Dataset records
____

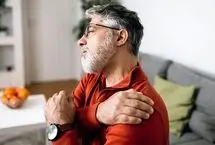 تغییرات ساده ذهنی، کلید کنترل دردهای مزمن طولانی‌مدت هستند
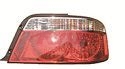 For Toyota 1081jzx100 tail Lamp , Toyota   Car Led Taillights, Chaser Cresta Jzx100 Auto Part-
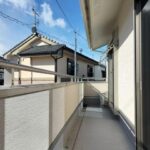 高知市神田 中古一戸建て 画像21 高知市神田 中古一戸建て 画像21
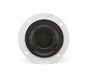 EAR29G001ERL.jpg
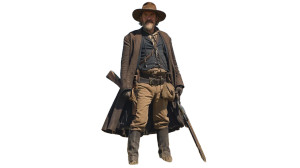 1800S Cowboy Vinyl Car Decal Sticker – Waterproof & UV-Resistant 8" 1800S Cowboy Vinyl Car Decal Sticker – Waterproof & UV-Resistant 8"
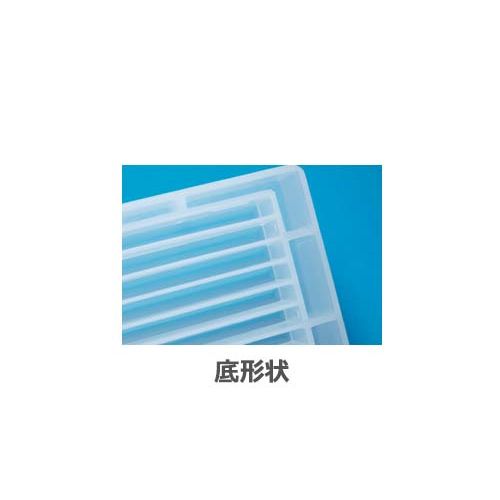 詳細画像1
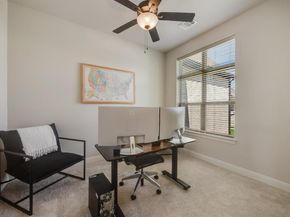 1619  Ravello Road , Fate Texas 75087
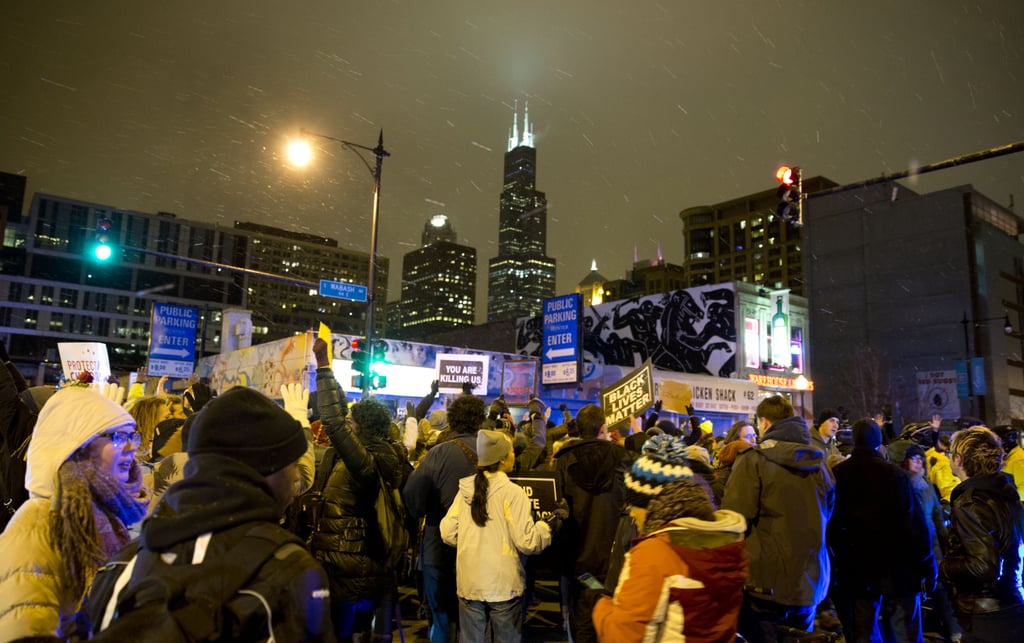 Chicago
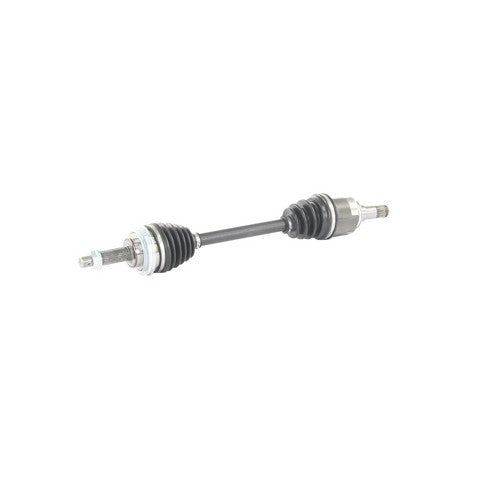 TrakMotive CV Axle Shaft P/N:TO-8145 Fits: Toyota Celica 99-94 - Image 3
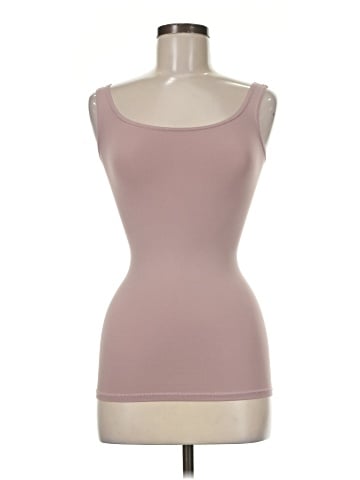 Theory Tank Top (view 1)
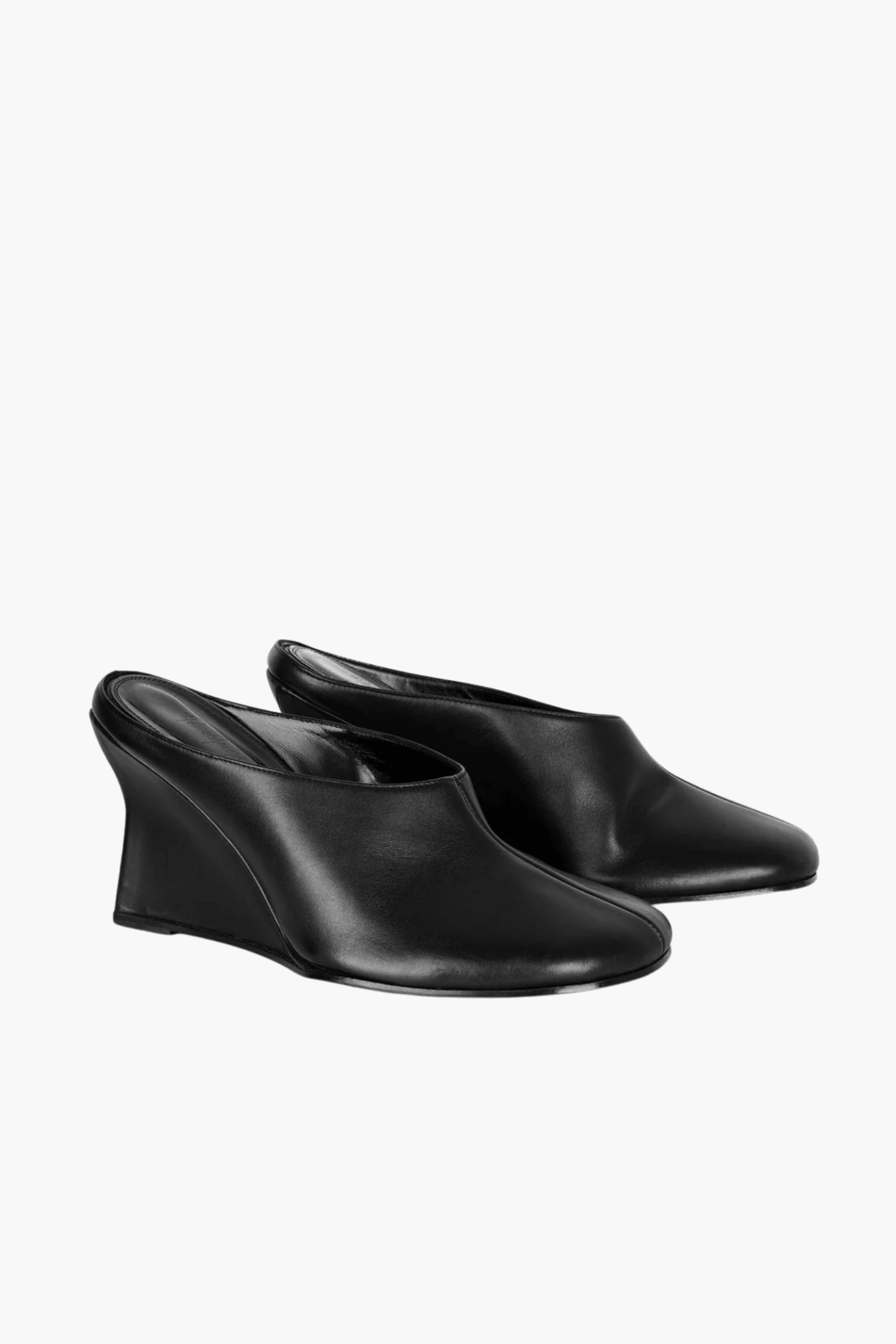 LUCILLE MULE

____

> _INSTRUCTIONS TO FOLLOW_: Starting at the line that contains "TrakMotive CV Axle", reproduce exactly and only the lines through the end of the entries above, with the pictures excluded.

> _EXERCISE ANSWER_:
 TrakMotive CV Axle Shaft P/N:TO-8145 Fits: Toyota Celica 99-94 - Image 3
 Theory Tank Top (view 1)
 LUCILLE MULE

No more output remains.